A Milli Futbol Takımı Teknik Direktörü Şenol Güneş, futbolcu Arda Turan'ı kendilerinin ürettiğini ancak tükettiklerini de söyledi. Güneş, "O da biz de hatalıyız" dedi.
Konya'da son Dünya Kupası şampiyonu Fransa'yı 2-0 yendikleri maçı hatırlatan tecrübeli çalıştırıcı, "Türkiye'de ekonomik ve siyasi anlamda sıkıntılar olsa bile insanlar bir araya geldiğinde bir problem olduğunu hissediyorsun. Ben Fransa maçından sonra böyle bir şey görmedim. Tam tersine birleşti insanlar. Bir araya gelmek isteyen insanlara bir vesile olduk. Avrupa Şampiyonası'nda bu birlik ruhunu sağlayabiliriz ve Avrupa Şampiyonası'na olmazsa olmaz gözü ile bakıyoruz" dedi. Türk futbolunun zirvesindeki isim olan Güneş, "İlk 11'in tamamının yabancı olmasını doğru bulmuyorum" ifadesini kullanırken; Cenk Tosun transferinden Yusuf Yazıcı'ya kadar bir çok konuda açıklamada bulundu.
Güneş, "Bizden beklenen başarıyı eksik bırakmışız.

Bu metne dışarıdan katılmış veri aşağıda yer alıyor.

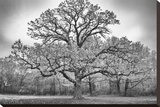 Giant Burr Oak Stretched Canvas Print by Keith Dotson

Yeni bir dönem başlıyor, yeni hazırlıklar yapıldı. Bundan önceki tecrübeleri de katarsak, yöneticiler, oyuncular, antrenörler hepsi elinden geleni yaparak başarı yakalamaya çalıştı. Zaman zaman başarılı olduk, zaman zaman olamadık. Bugün itibariyle, bunu bir adım daha ileriye getirip ortak bir hedefte birleşip hepimizin hayallerinin birlikte olabileceği bir döneme girmek istiyoruz. Yeni bir dönem dizayn edelim istedik. Geleceği planlıyoruz ama biz bugünü de yaşamak istiyoruz. Bugün de bizim için hedef Avrupa Şampiyonası'na katılabilmektir. Oyuncu arkadaşlarımdan özverili bir çalışma gördüğümü söyleyebilirim. Yeni bir grup oluşuyor. Eskiden başarılı olan arkadaşlarımızın tecrübelerinden de faydalanmak istiyoruz. Yeni bir oyuncu grubuyla iyi bir kadro oluşturmak istiyoruz. Bu Avrupa Şampiyonası'na olmazsa olmaz olarak bakıyoruz. Dört maç sonrası iyi bir yere geldiğimizi düşünüyoruz. Herkesin takımı olduğunu göstermek istiyoruz. Ülke futbolunu tanıtmak için öncelikle Milli Takımın başarılı olması gerekiyor. Biz Milli Takım olarak en iyisini yapacağız" şeklinde konuştu.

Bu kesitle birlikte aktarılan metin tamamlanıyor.